The Sunny Car Centre project is essentially a car lover’s dream. It envisions a mega car showroom bringing together many dealers and brands under one massive roof in Hämeenlinna, about 100 kilometres from Helsinki.
The city of Hämeenlinna pledged the property required to develop the 150-million-euro project to business impresario Markku Ritaluoma. Ritaluoma in turn had to come up with 8.4 million euros to seal the deal – that was last autumn. Since then the tycoon has repeatedly sought extensions to the payment deadline, claiming that talks with major international investors would soon bear fruit. The latest deadline set for the payment is the end of September.

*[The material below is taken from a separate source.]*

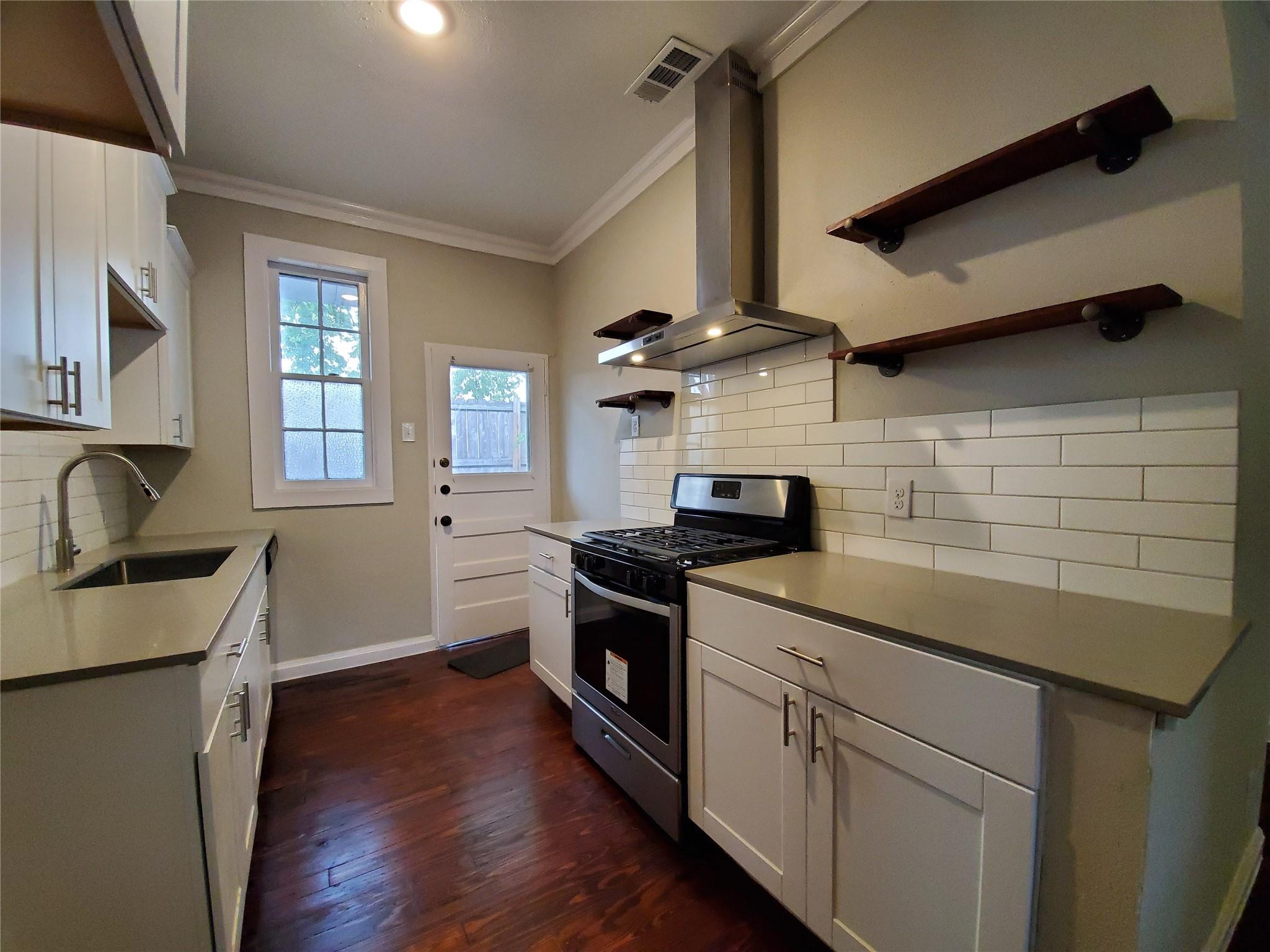 925 E 41st St # B, Austin, TX 78751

In August, however the Zambian news service Watchdog reported that an investment of 35 million euros intended for the car centre had been frozen on suspicions of money laundering. Finnish financial supervisory authorities and police intervened in the case when Ritaluoma transferred some 336,000 euros to Mark Wilson, an intermediary of the major league investor – claimed to be Regina Chiluba, the widow of former Zambian president Frederick Chiluba – to secure the release of the 35 million euros.

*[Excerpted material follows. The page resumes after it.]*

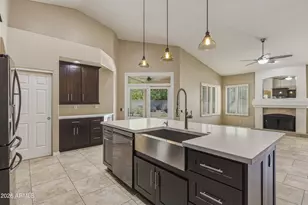 3861 E Amberwood Dr, Phoenix, AZ 85048 - Photo 3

Other European investors on standby
The money laundering probe originated from charges that the Chilubas had embezzled a massive fortune from the country during Frederick Chiluba’s time in office. A spokesman for the Chiluba family has since been reported (siirryt toiseen palveluun) as saying the family has no plans to invest in Finland.
Ritaluoma hastened to calm concerns over the money laundering claims, pointing out that the proposed Zambian investment was intended to bankroll the construction phase of the project, while the eight million euros needed to secure the Hämeenlinna lot would come from other investors – completely European he added.
In another twist to the tale however, earlier this week Ritaluoma charged that someone from the Hämeenlinna city council had leaked confidential information about the Sunny Car Centre deal to the Zambian press. He pointed the finger at Finns Party councillors and called for a probe into the matter.
On the heels of those comments Ritaluoma announced that he had himself engaged the services of an international human rights organisation to independently investigate whether there was a leak and also to look into the money laundering claims in Zambia.
Ritaluoma hires private investigator in Africa
Ritaluoma later presented an email allegedly from Fagus Yaw Berko, a representative of the organisation, International Commission for the Defence of Human Rights (CIPDH). Berko leads the NGO’s Africa unit and is the individual reportedly investigating on Ritaluoma’s behalf.
In broken English, the letter names Finns Party city representatives suspected of disclosing sensitive information about the Sunny Car Centre project. Contacted by Yle Häme, Berko said that he was only just beginning his investigations. Yle Häme also confirmed that Berko was an employee with the CIPDH.
In the phone interview with Yle Häme Berko said that he had taken on the assignment from Ritaluoma in a private capacity, although the letter in broken English appears to come from the international organisation.
Like Finnish police, Berko said he suspects that Ritaluoma may have fallen victim to a so-called "email scam", a common feature of which is to ask individuals to deposit funds in exchange for massive returns. He said that he would have more information for Ritaluoma in the next few days.